I know. I know. He sounds like your grandfather. But your grandfather accrued a bit of wisdom along the path, you know? The consumer can always shrug his shoulders and say, “I want what I want. I want gossip. I want to know what is going on in the life of public figures. It is my right.” That’s fine. You are entitled to feel that way, new and fresh. But if no one feels responsible, if anything goes, if no one sees consequences, then nothing gets prevented and, next thing you know, a Rutgers kid is killing himself. Once something horrible happens because of our nosy need to know, or be entertained, or make sport of human beings, there is no going back and fixing it. It does no good to feel bad only afterward, and it shows no vision.

The only recourse is to be careful with the tool now, to understand its power. Old, antiquated journalism has rules in place that, for example, will not publish a rape victim’s name, not because it is illegal but because it is an agreed-upon standard. As a texter wrote in to my radio show the other day, “New or old media should not be excused from the standard.

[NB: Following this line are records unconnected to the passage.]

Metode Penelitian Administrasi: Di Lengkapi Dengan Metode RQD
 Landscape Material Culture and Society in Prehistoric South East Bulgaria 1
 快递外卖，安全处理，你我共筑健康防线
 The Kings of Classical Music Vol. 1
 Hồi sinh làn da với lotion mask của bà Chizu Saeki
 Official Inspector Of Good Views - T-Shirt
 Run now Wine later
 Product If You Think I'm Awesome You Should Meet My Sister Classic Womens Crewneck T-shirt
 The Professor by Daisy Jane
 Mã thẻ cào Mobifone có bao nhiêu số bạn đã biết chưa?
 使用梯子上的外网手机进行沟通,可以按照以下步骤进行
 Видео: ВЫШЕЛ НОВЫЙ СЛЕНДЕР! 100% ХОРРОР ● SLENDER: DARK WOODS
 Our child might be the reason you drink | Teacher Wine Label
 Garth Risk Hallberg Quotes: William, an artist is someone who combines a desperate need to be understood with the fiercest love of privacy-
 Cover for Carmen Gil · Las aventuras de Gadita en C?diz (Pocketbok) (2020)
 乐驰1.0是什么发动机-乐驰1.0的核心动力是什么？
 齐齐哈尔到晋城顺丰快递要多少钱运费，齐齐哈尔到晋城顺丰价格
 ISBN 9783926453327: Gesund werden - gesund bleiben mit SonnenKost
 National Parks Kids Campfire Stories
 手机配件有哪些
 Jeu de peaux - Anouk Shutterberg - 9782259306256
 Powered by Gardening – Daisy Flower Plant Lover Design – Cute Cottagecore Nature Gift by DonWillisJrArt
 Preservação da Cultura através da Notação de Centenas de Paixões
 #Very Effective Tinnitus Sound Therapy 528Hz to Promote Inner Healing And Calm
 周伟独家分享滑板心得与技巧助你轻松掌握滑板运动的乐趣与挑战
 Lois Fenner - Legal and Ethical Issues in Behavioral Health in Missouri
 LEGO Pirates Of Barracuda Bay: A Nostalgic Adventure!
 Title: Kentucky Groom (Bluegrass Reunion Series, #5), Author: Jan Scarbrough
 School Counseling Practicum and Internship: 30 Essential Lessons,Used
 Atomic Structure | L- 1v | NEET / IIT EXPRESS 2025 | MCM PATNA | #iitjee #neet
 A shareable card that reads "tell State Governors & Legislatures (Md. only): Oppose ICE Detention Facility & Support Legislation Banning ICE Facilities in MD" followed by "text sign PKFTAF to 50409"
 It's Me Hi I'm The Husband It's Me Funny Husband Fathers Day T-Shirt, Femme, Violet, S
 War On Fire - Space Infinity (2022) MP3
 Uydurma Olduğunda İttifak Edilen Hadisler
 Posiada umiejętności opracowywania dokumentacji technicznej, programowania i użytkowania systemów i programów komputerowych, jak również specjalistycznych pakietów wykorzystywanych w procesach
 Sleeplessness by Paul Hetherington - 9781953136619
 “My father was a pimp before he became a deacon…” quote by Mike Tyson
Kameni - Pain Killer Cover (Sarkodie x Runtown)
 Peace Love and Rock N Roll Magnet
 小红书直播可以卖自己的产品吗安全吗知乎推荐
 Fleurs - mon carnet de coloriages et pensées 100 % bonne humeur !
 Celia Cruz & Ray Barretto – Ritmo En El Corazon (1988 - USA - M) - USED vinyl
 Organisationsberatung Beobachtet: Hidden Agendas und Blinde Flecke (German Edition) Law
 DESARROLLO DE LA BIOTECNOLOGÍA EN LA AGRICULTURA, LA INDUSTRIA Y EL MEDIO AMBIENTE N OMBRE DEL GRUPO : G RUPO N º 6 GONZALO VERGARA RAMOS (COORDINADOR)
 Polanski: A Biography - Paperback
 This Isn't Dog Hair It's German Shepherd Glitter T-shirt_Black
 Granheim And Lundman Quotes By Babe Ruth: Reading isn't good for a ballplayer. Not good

New media, like the teenager that it is, must accept discipline to be taken seriously.”

“I have no idea where this is all headed, and that is what we’re all trying to reconcile,” Rather says. “Where does the public’s right to know, and have their voices heard, meet the right to privacy? None of us have the answer to this, but what are the standards? Do we have any standards? What are the standards right now? We’re basically operating without any. It’s all well and good to say the old standards are outdated and let’s do away with them. OK. But if that’s true, what if any standards are we going to put in their place?”

But what does he know, right?
He’s old.
He’s being protective of his precious, pathetic little turf.
He’s ancient and threatened.
He’s afraid of how quickly he became irrelevant.
Or maybe he just cares.
And maybe he’d like you to at least hear and consider his viewpoint before he is gone.